As manager of the international hub, Heard—CPC’s clinical data manager—says VASCC is treading largely virgin territory in terms of information gathering. “To my knowledge, this is a fairly novel approach in terms of using REDCap as our data collection tool. Because we have three completely separate instances in three different locations but we’re using the same database structure, as any changes need to be made, it’s very easy for us to be able to do that so that our databases continue to sync as we are collecting data separately but together.”
Ethan Moore, a research assistant at the University of Colorado assigned to work on VASCC, detailed a list of physician meetings drawn from disparate locations across the globe—recently Ireland and Indonesia, later Japan and Australia—that proved an eye-opening experience in terms of the vantage point they provided into how different countries are dealing with the pandemic at different times depending on their local circumstances. “It offers a real-time opportunity to look at each country and see how they’re dealing with it,” Moore adds.
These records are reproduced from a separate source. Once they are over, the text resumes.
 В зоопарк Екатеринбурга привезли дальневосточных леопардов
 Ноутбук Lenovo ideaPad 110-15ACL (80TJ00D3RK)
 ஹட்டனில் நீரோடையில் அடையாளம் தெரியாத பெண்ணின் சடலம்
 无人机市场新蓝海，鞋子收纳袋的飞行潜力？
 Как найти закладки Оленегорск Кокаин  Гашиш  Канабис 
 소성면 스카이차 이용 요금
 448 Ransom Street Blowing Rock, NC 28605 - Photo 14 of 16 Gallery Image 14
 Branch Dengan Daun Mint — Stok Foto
Perioperative risk stratification
Meanwhile, as VASCC looks ahead, Kathryn Colborn, MD, an associate professor at the University of Colorado and biostatistician working on the registries, details the use of a novel risk stratification system developed within thoracic surgery named the Surgical Risk Preoperative Assessment System (SURPAS).
SURPAS utilized American College of Surgeons National Surgical Quality Improvement (ACS NSQIP) data to develop a preoperative risk surveillance system, she explains. In short, it involves a logistic regression model with eight variables collected at the preoperative visit to estimate the risk of 12 postoperative complications, thus producing a risk score.
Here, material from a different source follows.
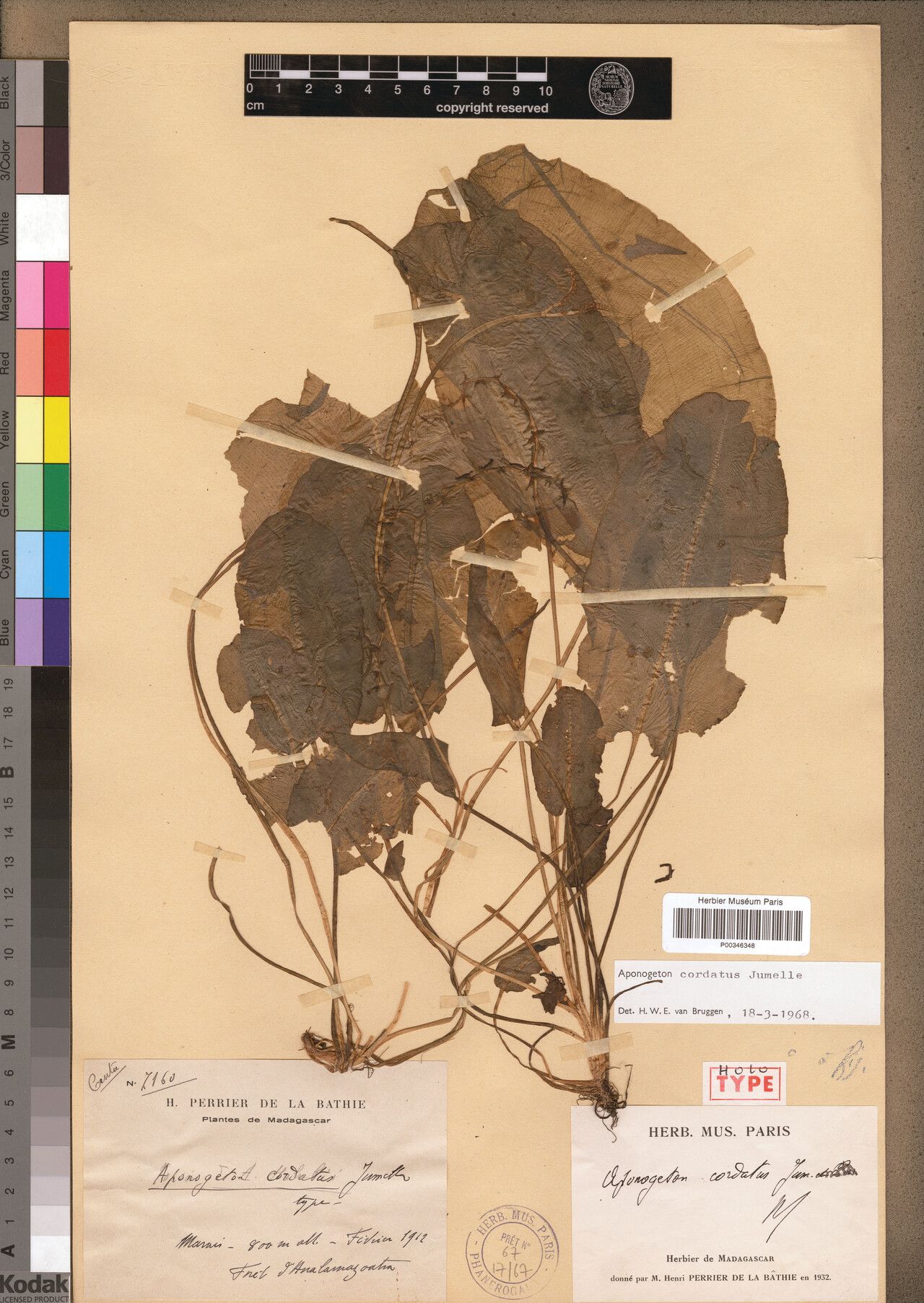 Aponogeton cordatus — houseplant care guide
The system helps in a number of ways, Colborn explains, such as enabling discussion with patients preoperatively about their risk and also to risk adjust rates postoperatively.
“The goal for VASCC was to incorporate SURPAS so we could estimate observed-to-expected event ratios in these patients,” she says. “In some patients, we might expect certain complications. But if we can evaluate their preoperative risk, we can evaluate whether we had higher-than-expected event rates in this population.”
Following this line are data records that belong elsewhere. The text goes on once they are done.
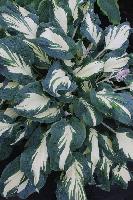 Hosta Hans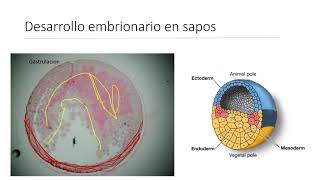 Neurofisiología y Psicof A desarrollo partes de la neurona ontogenésis del sistema nervioso [upl. by Milburn]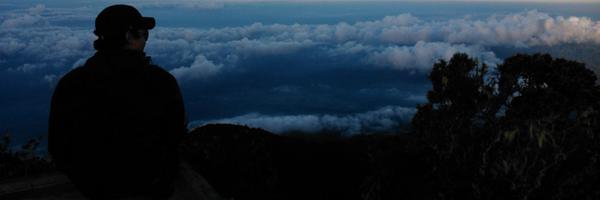 Edwhindyn Profile Banner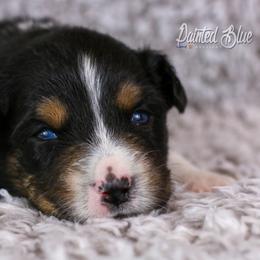 Australian Shepherd, Miniature American Shepherd, Miniature Australian Shepherd, and Toy Australian Shepherd Puppies from Painted Blue Aussies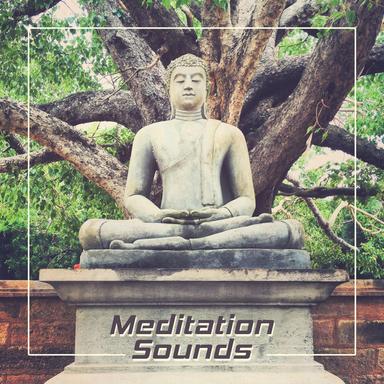 Mindfulness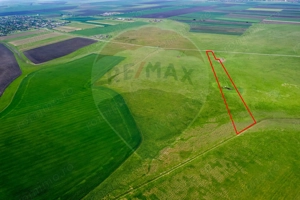 5 hectare teren agricol- pășune, cu front la șosea, zona Sântana - imagine 8
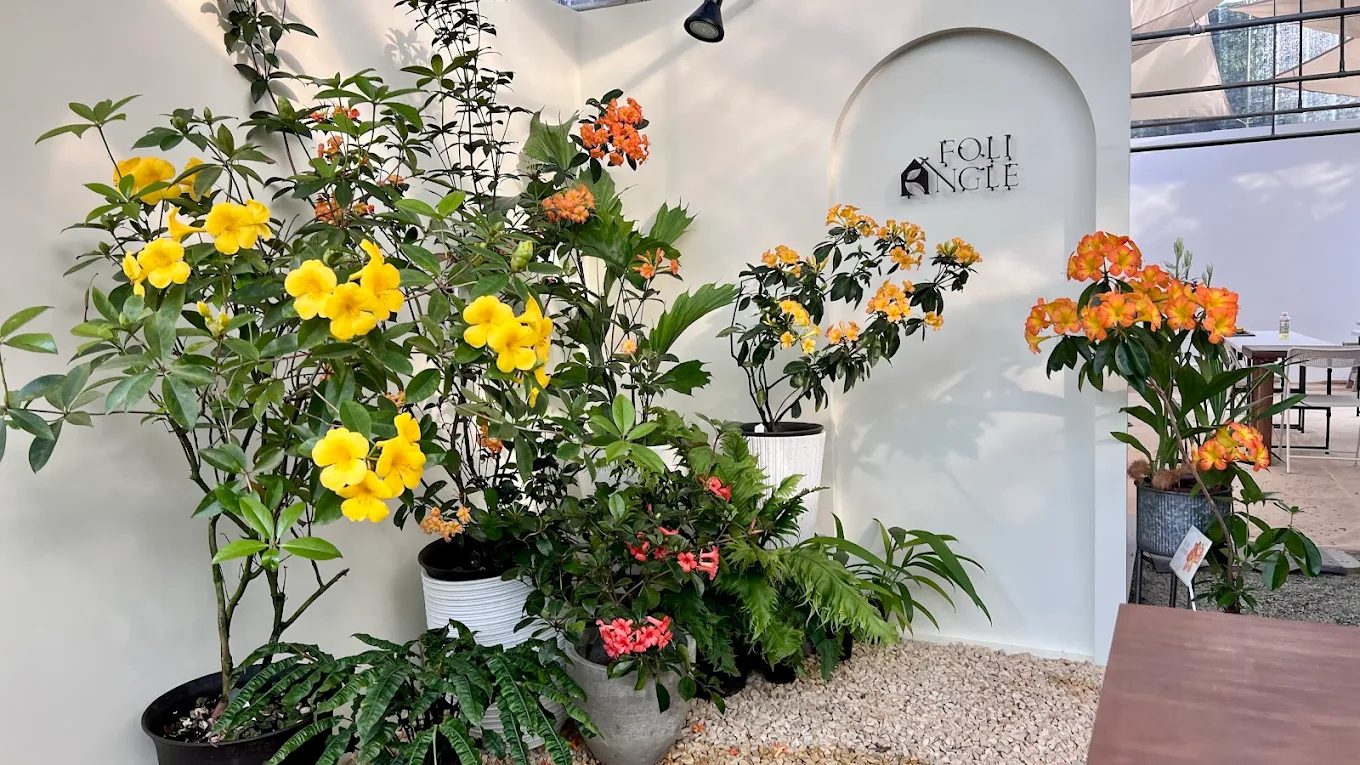 【埔里綠意療癒秘境】宅栽觀葉農場|人氣植物天堂、親子DIY體驗全攻略!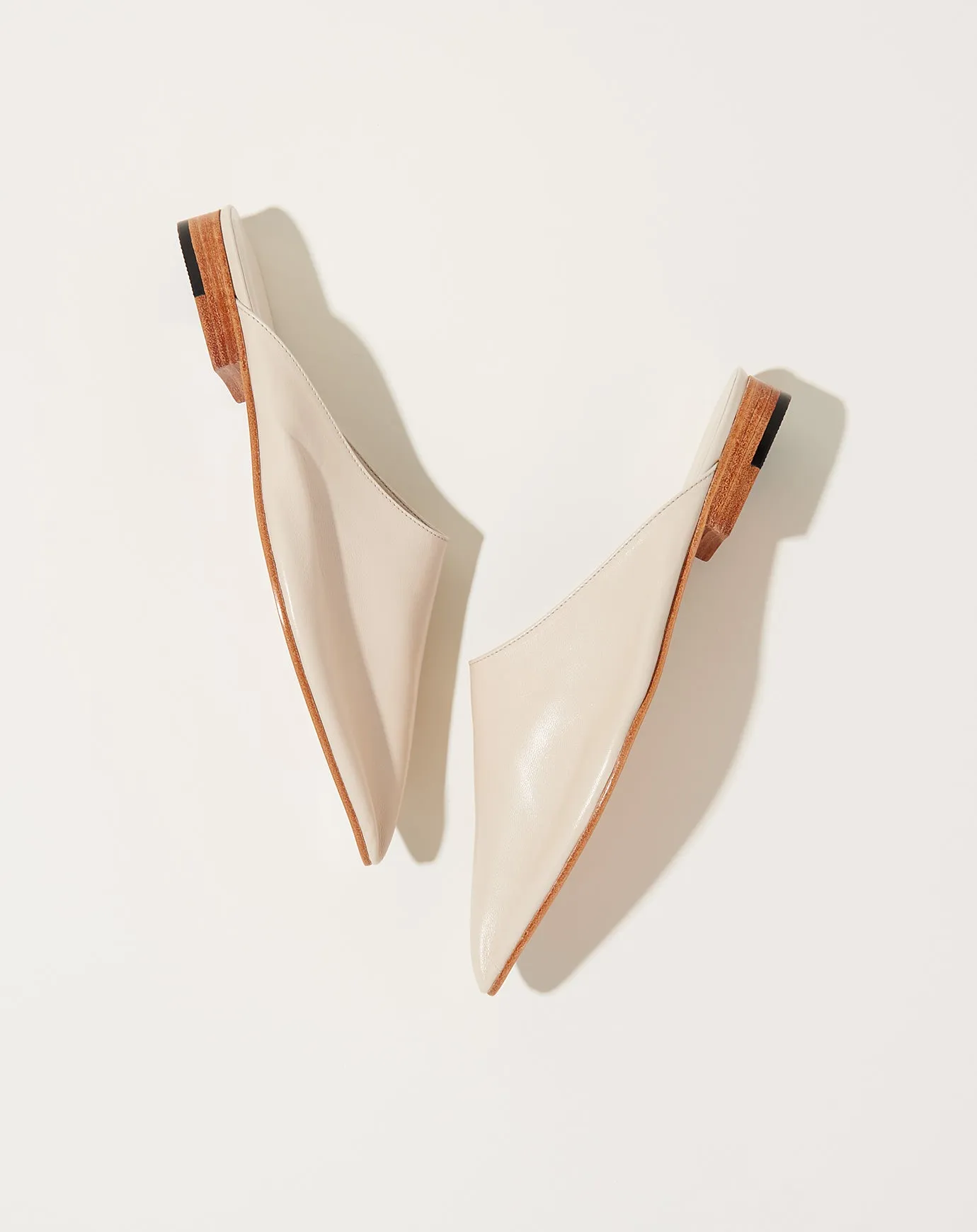 Babu in Ivory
Meanwhile, Wohlauer describes a specialty equipped to deal with the vagaries of COVID-19. “In vascular surgery, we are like cobblers—each shoe is a little different. That’s how we see ourselves,” he says. Ultimately, VASCC is a team effort, Wohlauer reflects, and what the research aims to do is use high-quality data to understand best practices, and in which situations a certain operation works best.
“There are clinical trials like BEST-CLI that are helping answer these questions as well. I think they are really healthy for our community to be answering these questions in this way,” he continues.
“This organization shows we can custom-build a database to answer a specific question, and that harmonizes with the important work national registries do, which have less plasticity—and they collect orders of magnitude more data than we do.”
VASCC also demonstrates a proof of concept, Wohlauer says. “The projects that we’re completing right now show this proof of concept: taking a working group of experts in the field, making sure we have diverse representation of views— seniority, gender, ethnicity, country of origin—to make sure we’re asking the questions the way we want to answer them; spending a lot of time with our registry managers building the registry; and also thinking a lot about the data analysis before even looking at the data.” All of this was accomplished during a time of great limitation—not only on procedure scheduling, but on doing research, he adds. “We found a way to do it.”